You are stuck with a member who abandons the ship

I’ve seen this drama play out:  Two members form an LLC and loosely agree to both work for the LLC.  Each gets a 50% membership.  Then one member just takes off.  Guess what? The member is still entitled to be a member and receive 50% of the profits.  You can’t kick out the member.  Yeah, maybe something could be argued that the member abandoned the LLC and is thus responsible for a breach of fiduciary duties, but it would be much easier if the operating agreement made it clear that each member has certain areas of responsibility and duties.  The agreement would then also state that a breach of those responsibilities would have consequences, for example, a buyout right by the hard-working remaining member. 

Of course, the Legalzoom agreement has nothing of this sort.

You are stuck with a member who can’t agree on anything

If you are 50/50 members of an LLC, there is a very likely possibility that you will reach a deadlock on some decision down the road.  What do you do then? If you have nothing in your operating agreement, you are most likely stuck in the situation.  Courts will most likely not grant you dissolution based on a deadlock between members alone.  You are stuck. A proper operating agreement can provide several mechanisms to resolve deadlocks among LLC members.
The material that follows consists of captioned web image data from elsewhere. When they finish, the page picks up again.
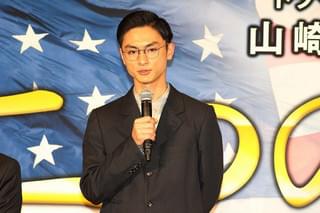 日系二世を演じたムロツヨシの英語が、多部未華子のツボに!? 新田真剣佑からの指導も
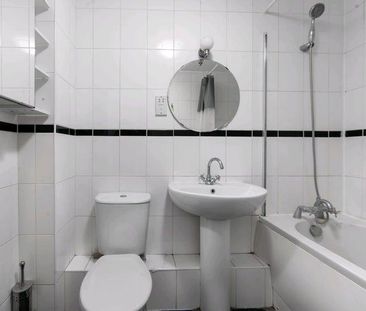 4 bedroom house to rent - Photo 1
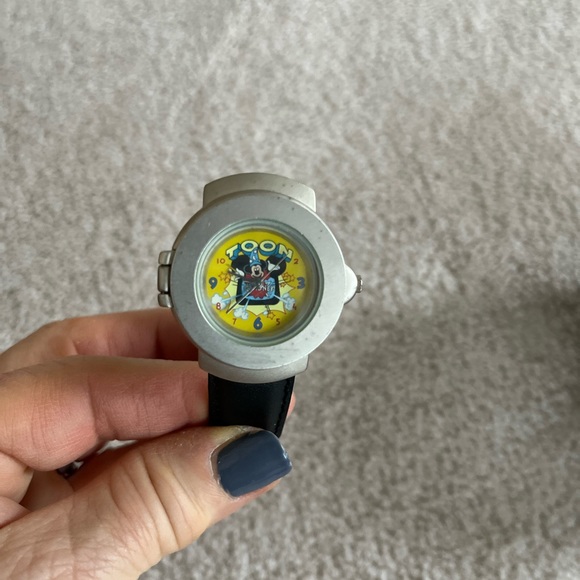 VINTAGE TOON POP-UP WATCH & CONTAINER - Picture 2 of 11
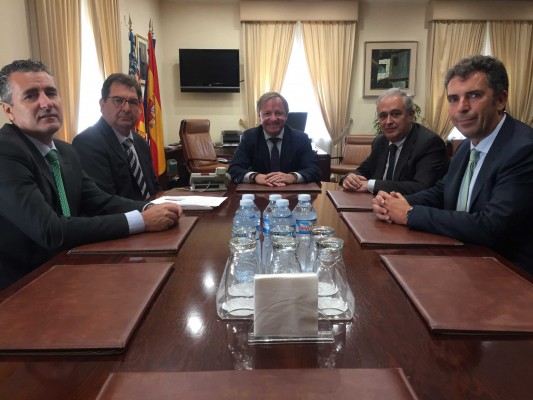El Altet amplía el filtro de seguridad y la zona de pasaportes tras el incremento de pasajeros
Again, the Legalzoom agreement has no provisions for resolving deadlocks.

Imke Ratschko Small Business Lawyer

For legal advice, call 212 2531027 or contact me here.

Your heirs get close to nothing when you die

When an LLC member dies, and the operating agreement does not have specific provisions about if and how your membership interest transfers to your heirs, your heirs may be in for a bad surprise.  Pursuant to Section 603 of the NY LLC Law, they only inherit the economic interest, but no voting rights and not even rights to inspect the books and records of the LLC.  They are completely dependent on the goodwill of the remaining members and if there is no such goodwill, may well never see any benefit from having inherited your membership interest. Of course, the LegalZoom agreement has no provisions dealing with the death of a member.